* [Activity]: Everything from the first line of the data below through the line that contains "Bus pierde el" should be written out exactly, please, and nothing more; the pictures stay out.

* [Provided entries]:
━━━

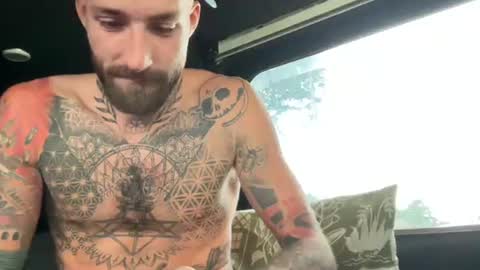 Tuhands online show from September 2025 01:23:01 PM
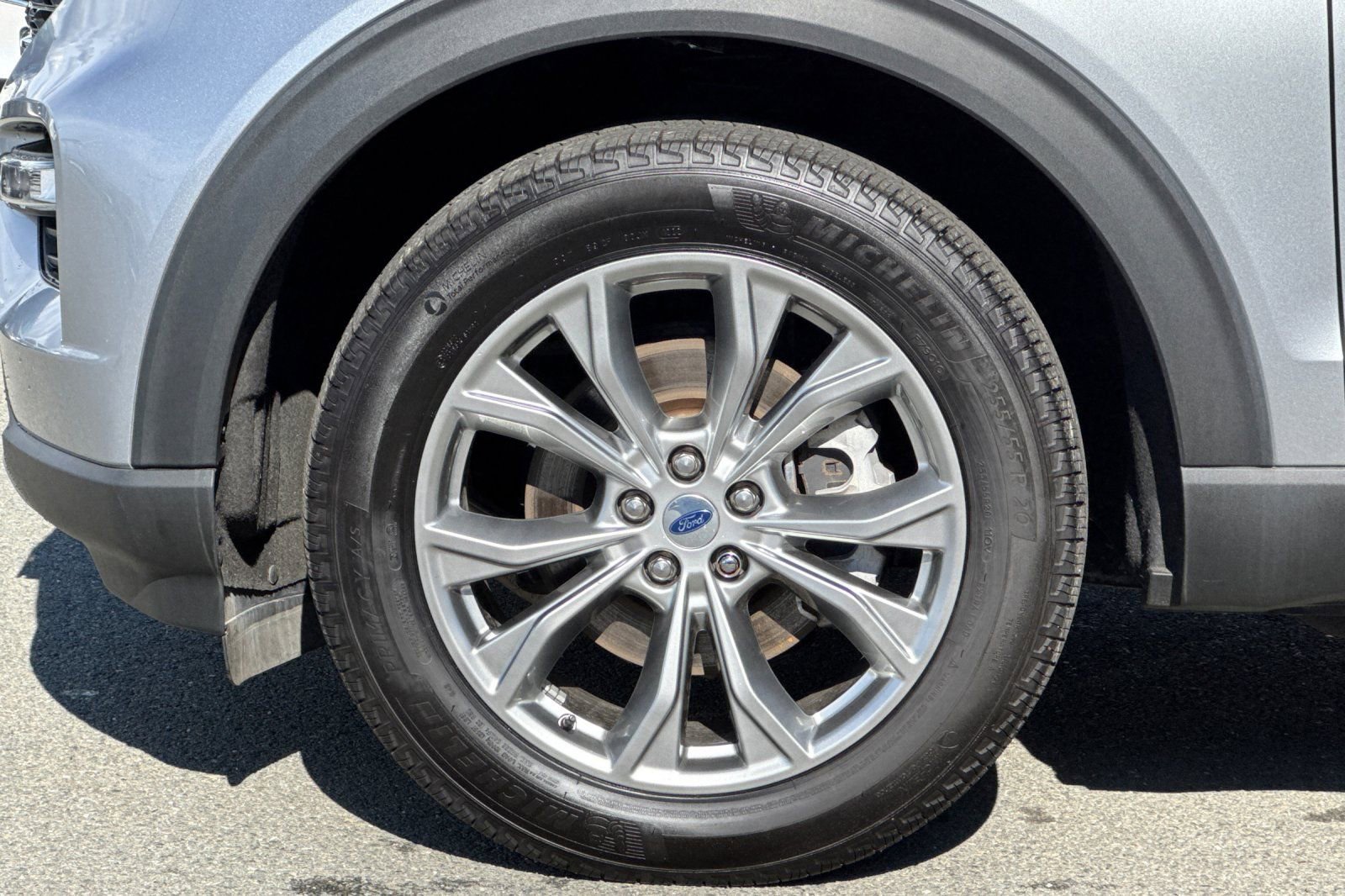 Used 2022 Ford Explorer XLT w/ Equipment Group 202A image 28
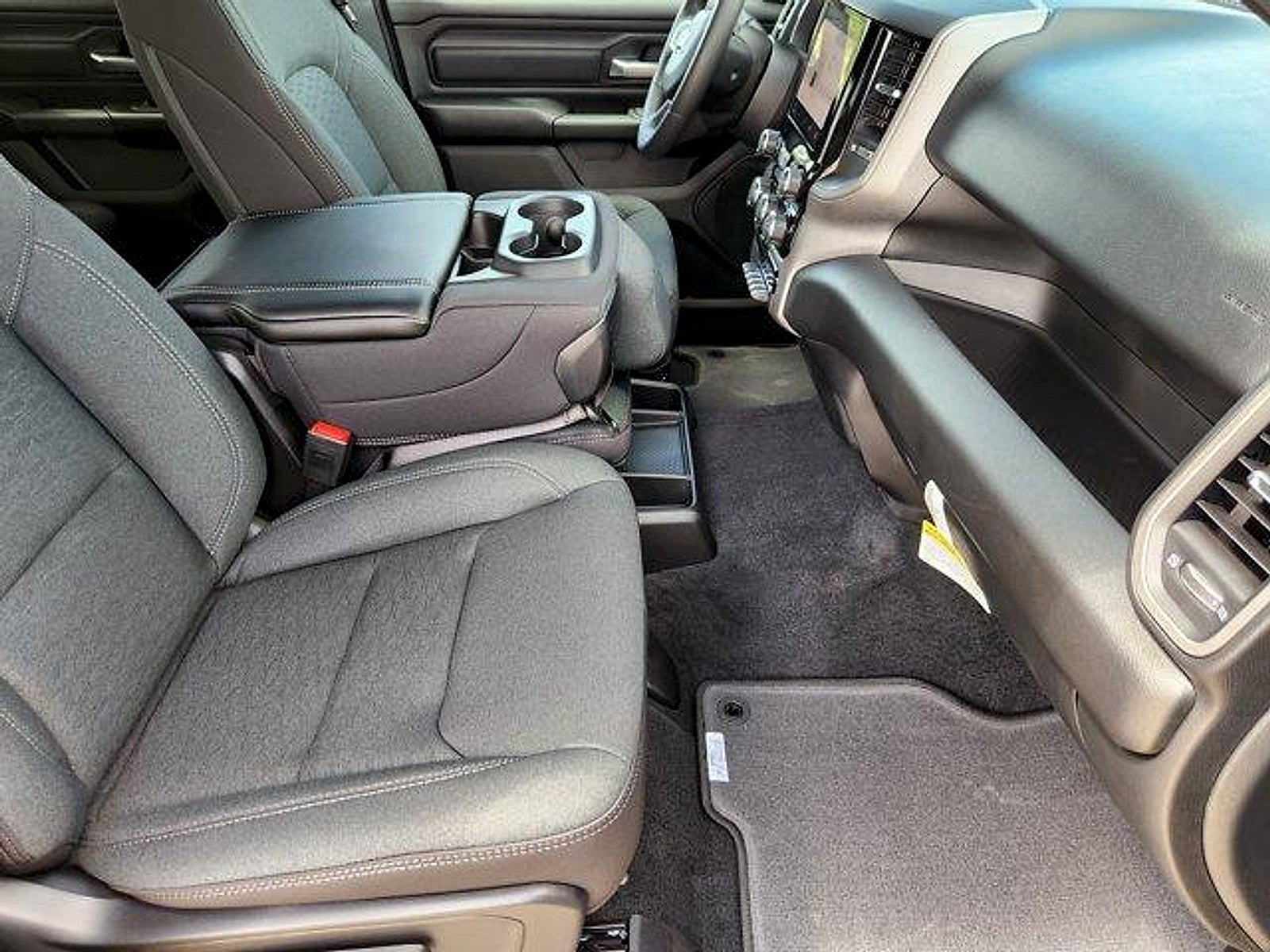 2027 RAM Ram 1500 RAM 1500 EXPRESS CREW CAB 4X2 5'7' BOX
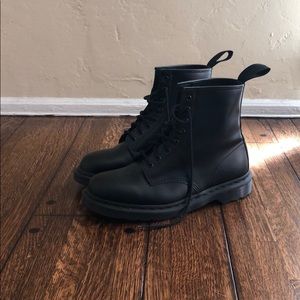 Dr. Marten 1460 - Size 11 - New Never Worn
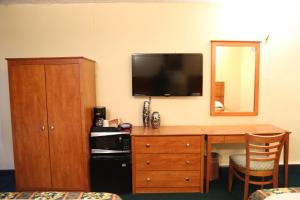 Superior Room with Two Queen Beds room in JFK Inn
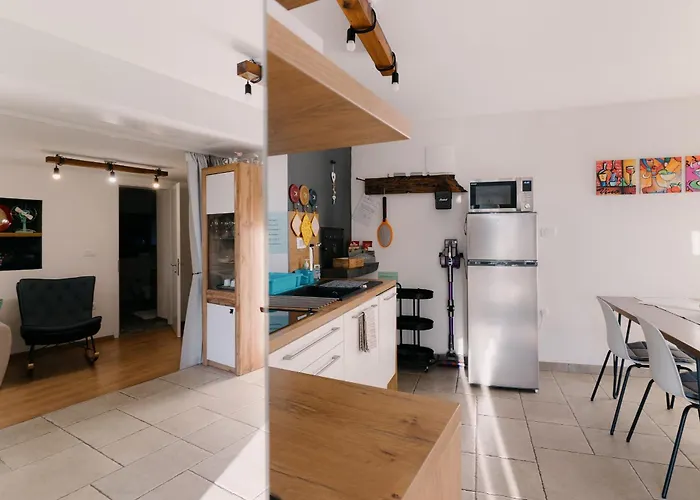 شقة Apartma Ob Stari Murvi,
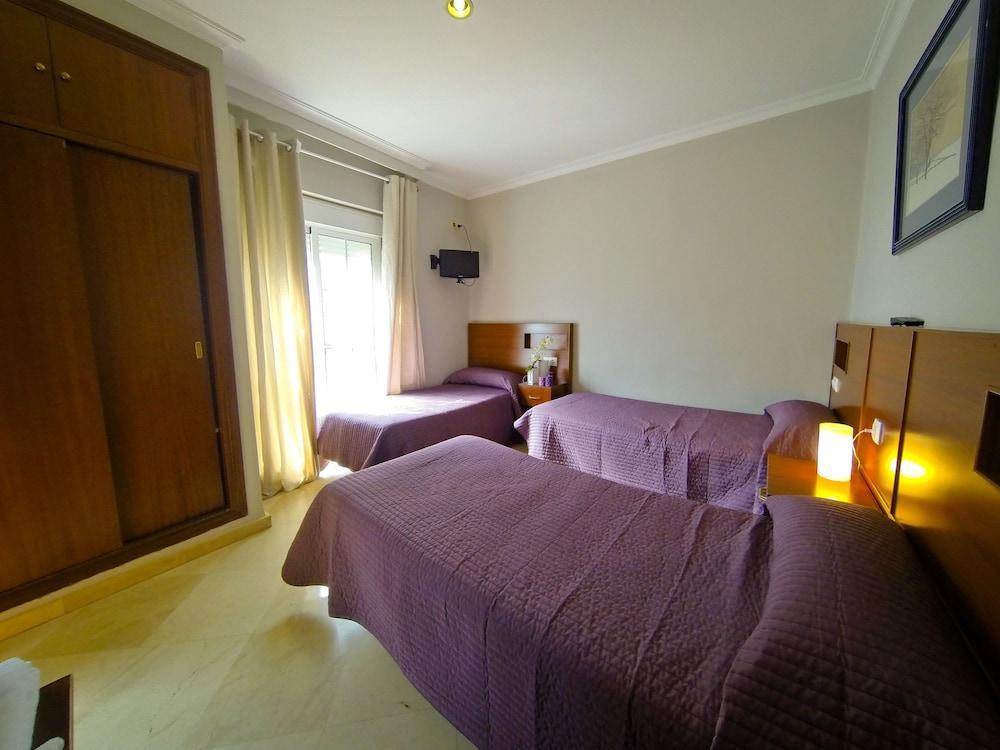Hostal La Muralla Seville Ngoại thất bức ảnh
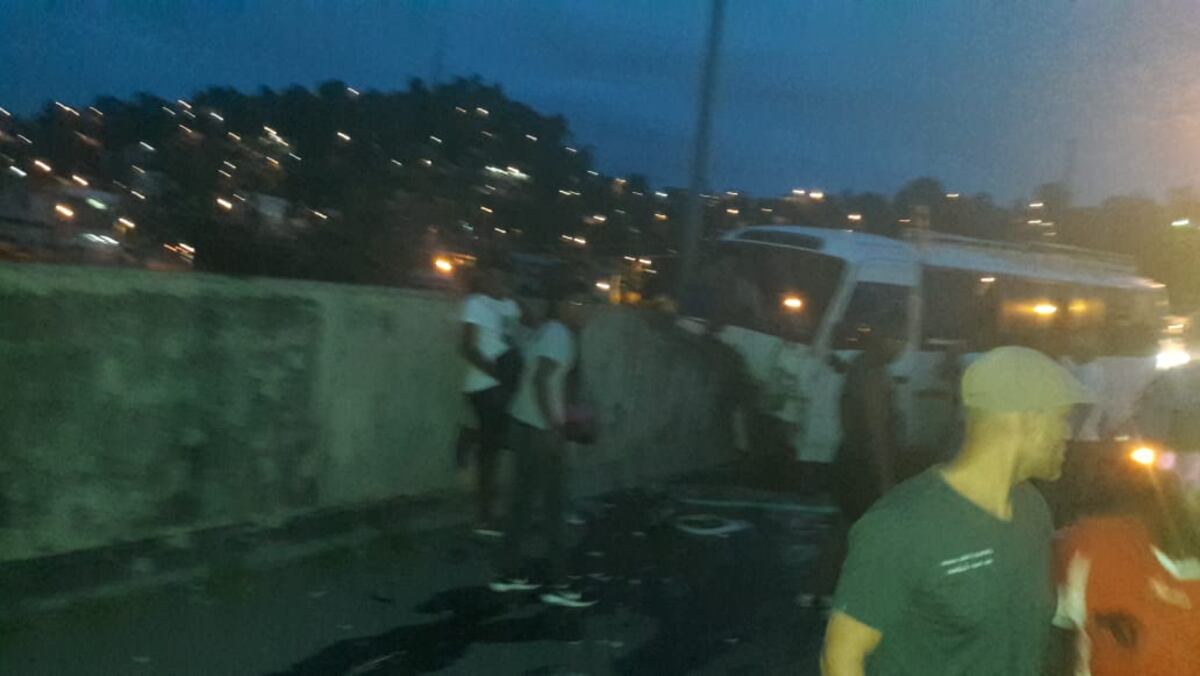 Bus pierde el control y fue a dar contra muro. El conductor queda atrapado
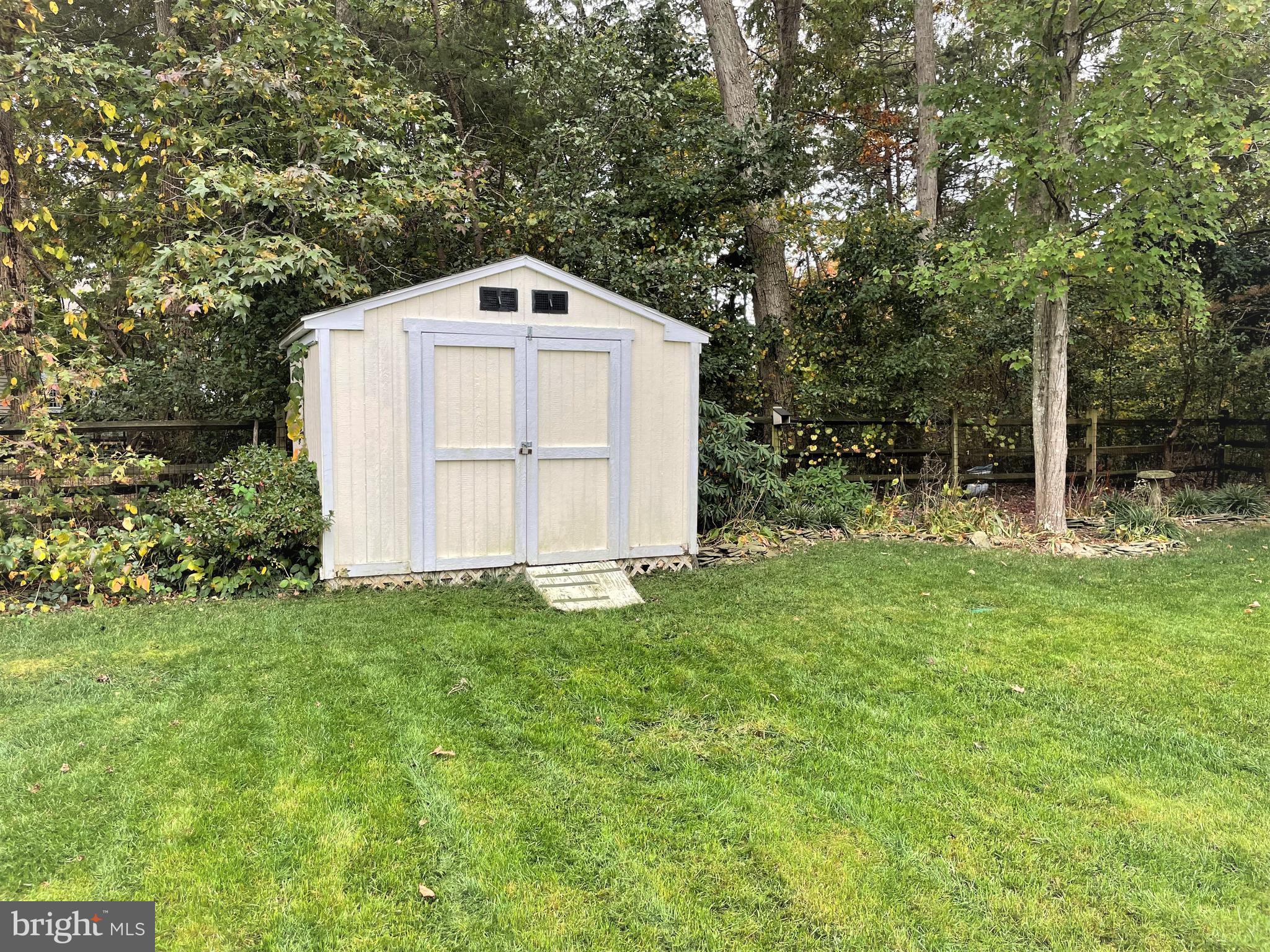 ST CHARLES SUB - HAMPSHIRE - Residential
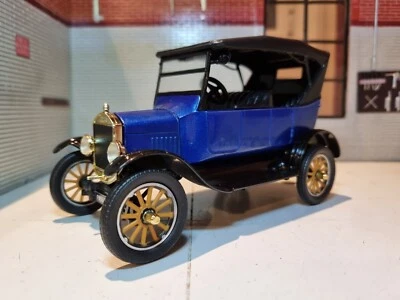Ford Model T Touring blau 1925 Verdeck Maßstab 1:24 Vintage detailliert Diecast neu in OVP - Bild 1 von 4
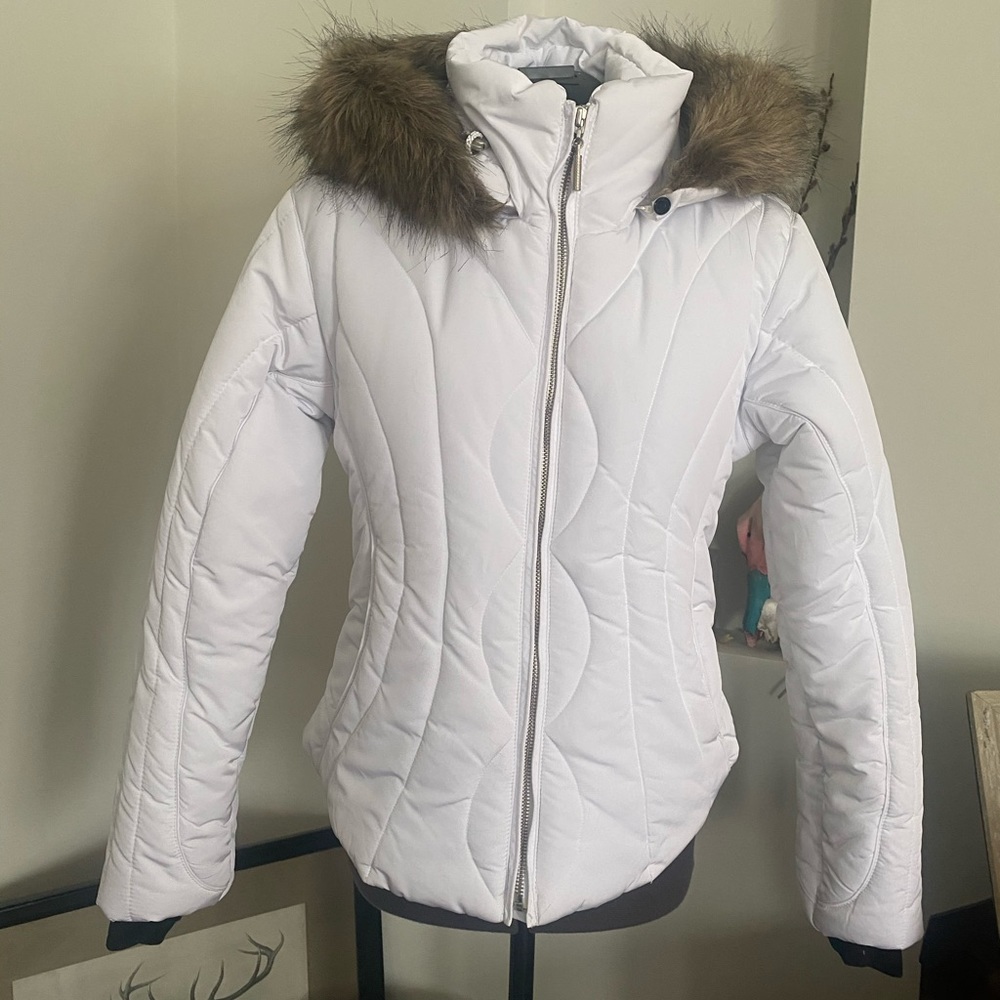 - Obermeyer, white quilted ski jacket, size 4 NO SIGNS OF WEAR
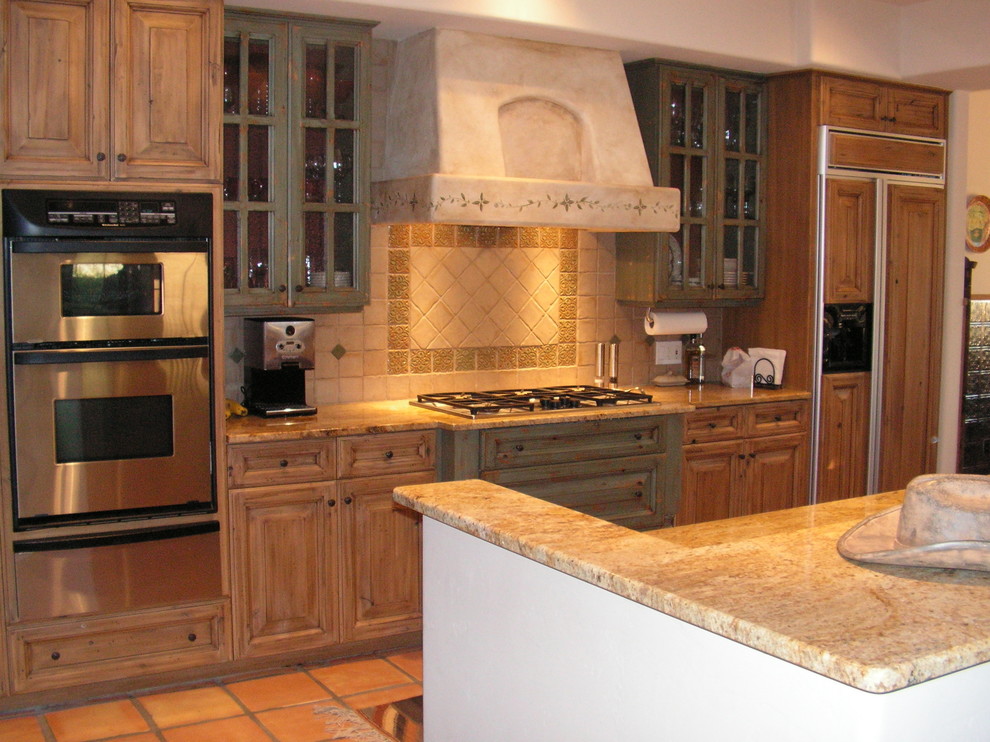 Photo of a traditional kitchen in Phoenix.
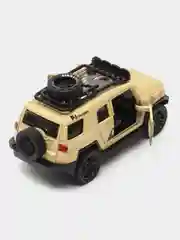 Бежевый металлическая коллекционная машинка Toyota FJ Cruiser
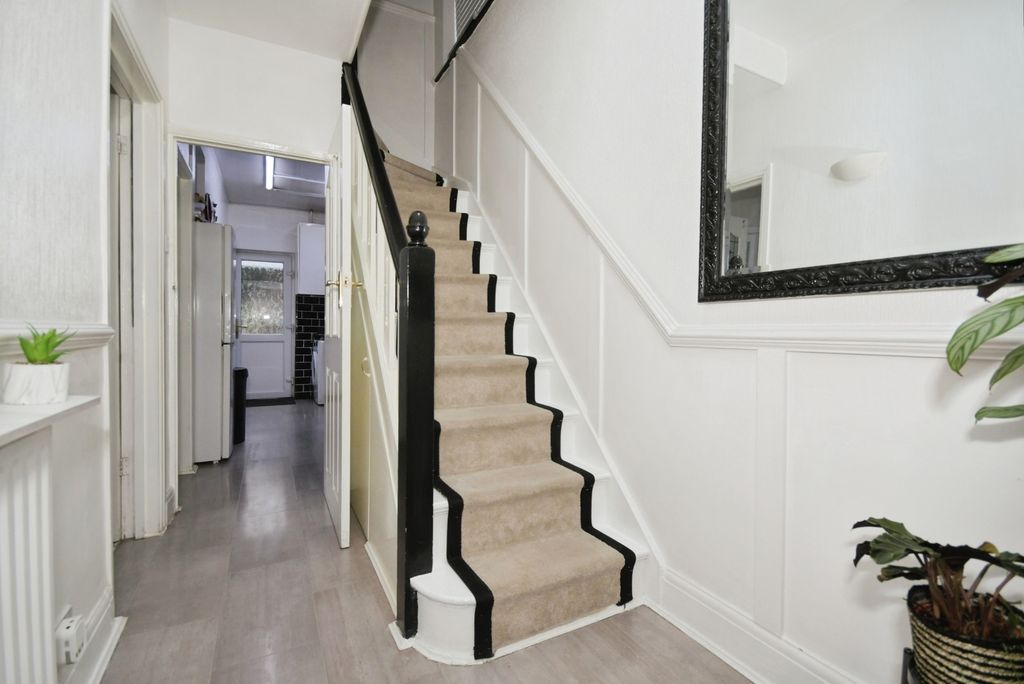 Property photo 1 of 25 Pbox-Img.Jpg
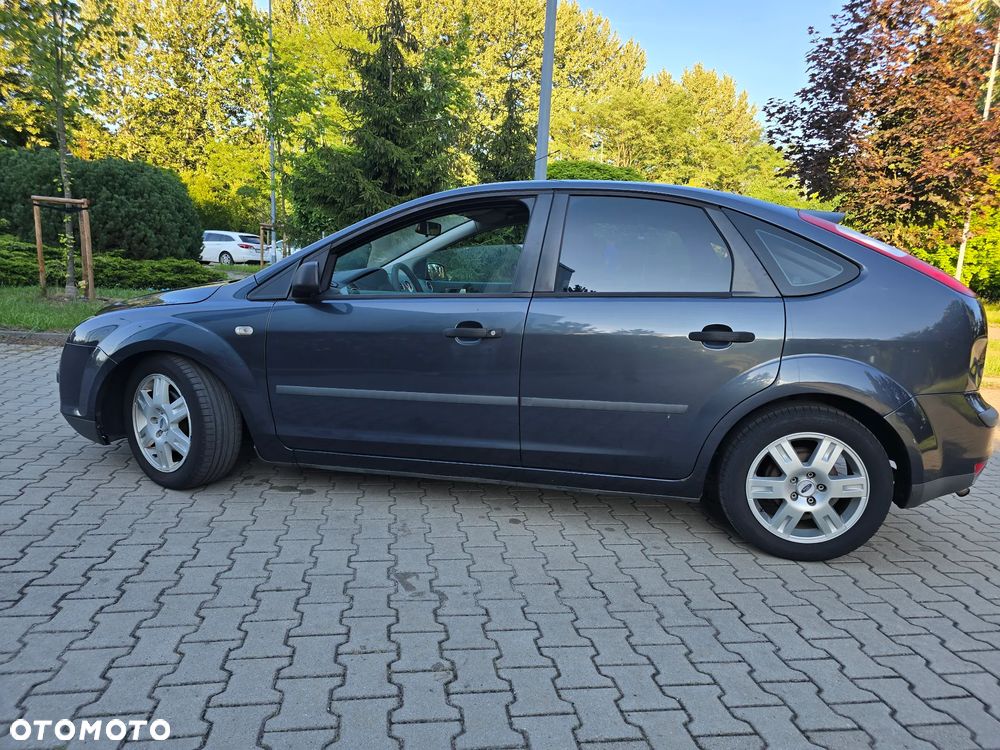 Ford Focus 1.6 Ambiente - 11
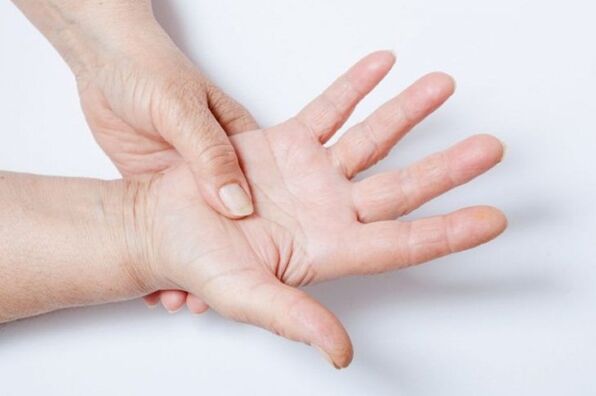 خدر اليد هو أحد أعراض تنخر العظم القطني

━━━

* [Response to this task]:
 Tuhands online show from September 2025 01:23:01 PM
 Used 2022 Ford Explorer XLT w/ Equipment Group 202A image 28
 2027 RAM Ram 1500 RAM 1500 EXPRESS CREW CAB 4X2 5'7' BOX
 Dr. Marten 1460 - Size 11 - New Never Worn
 Superior Room with Two Queen Beds room in JFK Inn
 شقة Apartma Ob Stari Murvi,
Hostal La Muralla Seville Ngoại thất bức ảnh
 Bus pierde el control y fue a dar contra muro. El conductor queda atrapado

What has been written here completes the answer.